Plan for today
- Review math questions
- Geometry
- Look ahead to next homework: a creative scene or object
- unprojection
- Next time: Material and Lighting
Documentation
How can you position your model in your scene? What is its bounding
box? What is its reference point (origin)? How can you determine those?
Great Documentation that makes it easy for others to use the
functions you defined. Think about how you might define your creative
object. Documentation should probably include:
- origin
- orientation
- size
- colors
- other info?
- and maybe an example of usage. Minimum and maximum argument
values, if any. Warnings and pre-conditions.
Geometry
Use some of the code in TW.py to do the
math.
- vector dot product. Let's do some examples. We can use twDot()
- angle cosines. We can use twRadiansToDegrees().
- cross product.
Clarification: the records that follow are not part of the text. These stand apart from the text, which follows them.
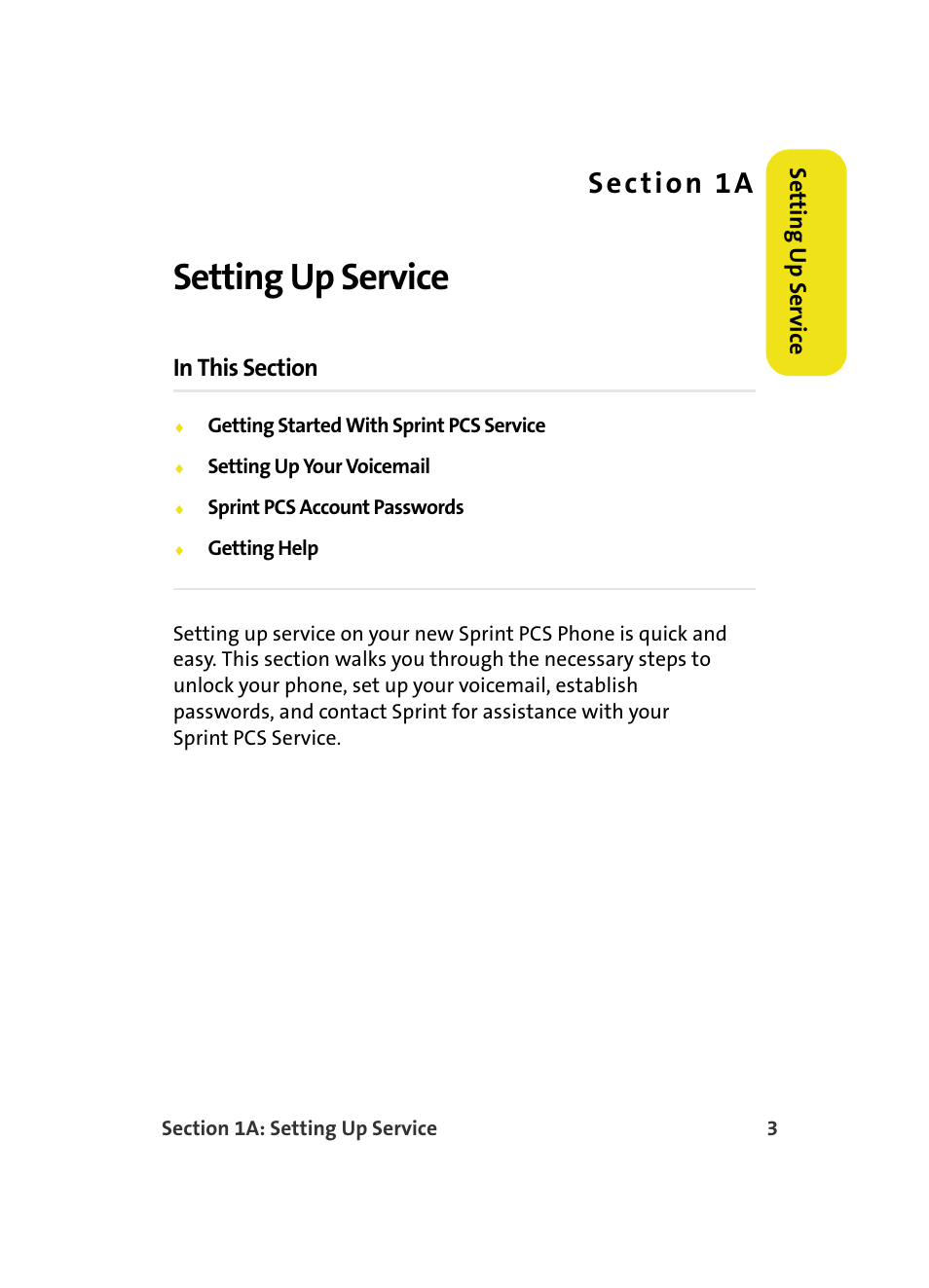 Setting up service, 1a. setting up service | Samsung MM A880 User Manual | Page 11 / 278
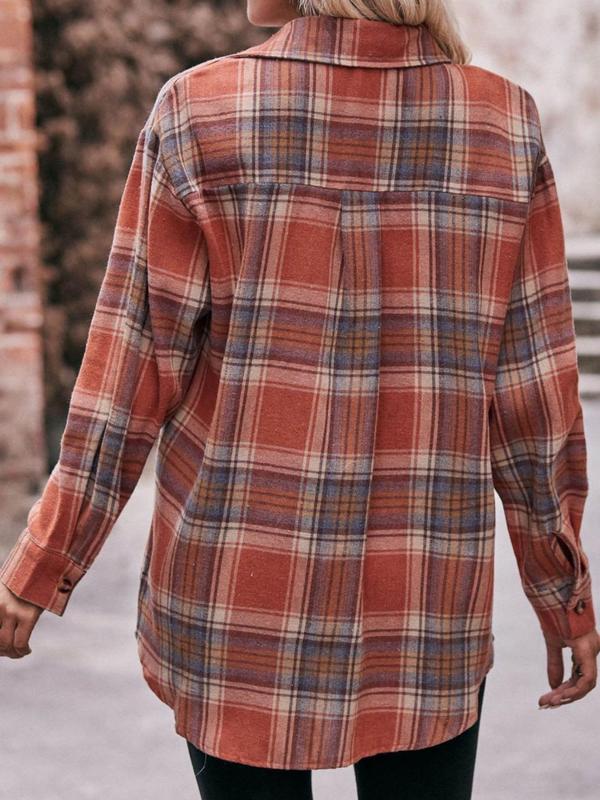 Women's Plus Size Plaid Print Flap Pocket Button Front Blouse, Casual Drop Shoulder Long Sleeve Shirt, Gift Set, Women Plus Clothing for Spring & Fall Daily Wear 6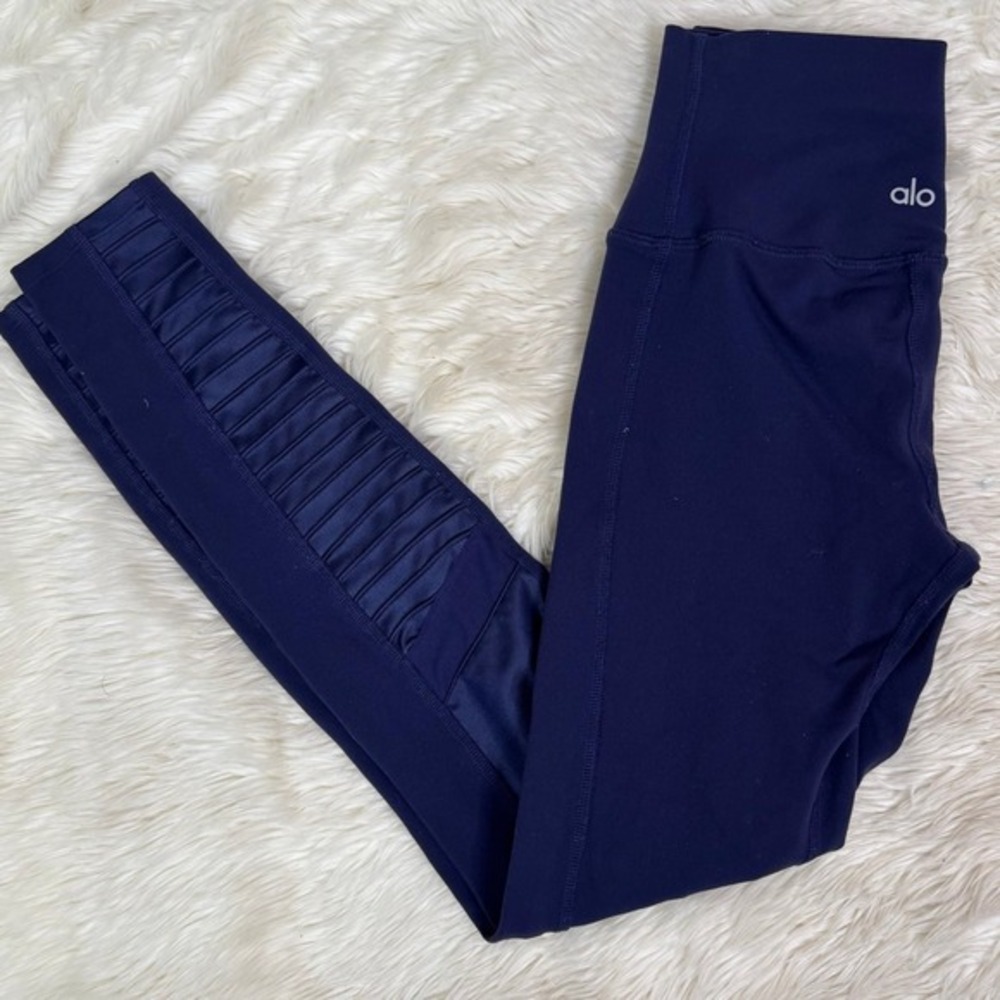 Alo Yoga Womens Navy Blue High Waist Moto Leggings W5494R Size Small - Picture 3 of 13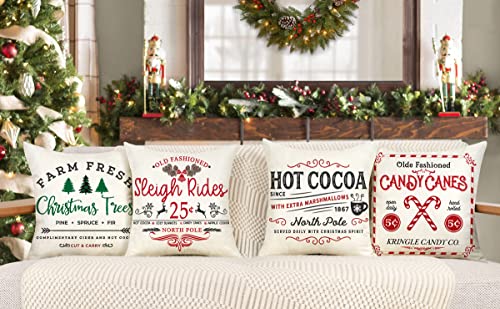 Farmhouse Christmas Pillow Covers 18x18 Set of 4 Red White Rustic Cushion Cases D219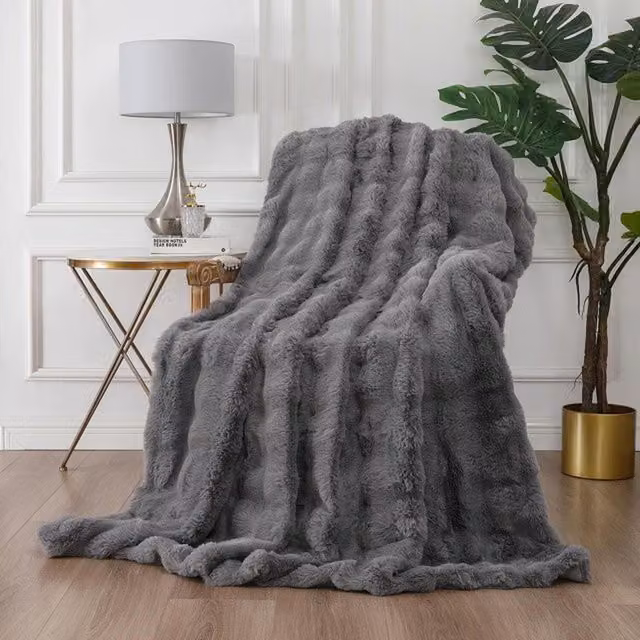 Rapport Home Grey Faux Fur Polyester Blanket, W: 150 cm, L: 200 cm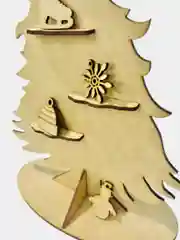 Елка деревянная с полочками и игрушками. Новогодний подарок. Елка для декора 30 см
See twCrossProduct()
- why are we doing this?
- Consider the TW camera positioning code
Unprojection Demos
The key thing to know is that projection maps points to Normalized
Device Coordinates (NDC), which is [-1,+1] on X and Y and [0,1] on Z,
with 0 being the near plane and 1 being the far plane.
The pytw/TW.py routines
are twProject and twUnProject.
Next time, Material and Lighting
- Ambient, Diffuse and Specular
- types of material
- types of lights
- OpenGL calls
- use the tutors!
- Challenge: when would we need the additional power of the OpenGL
material API over the simplified TW material API?
Written by Scott D. Anderson
scott.anderson@acm.org

This work is licensed under a Creative Commons
License.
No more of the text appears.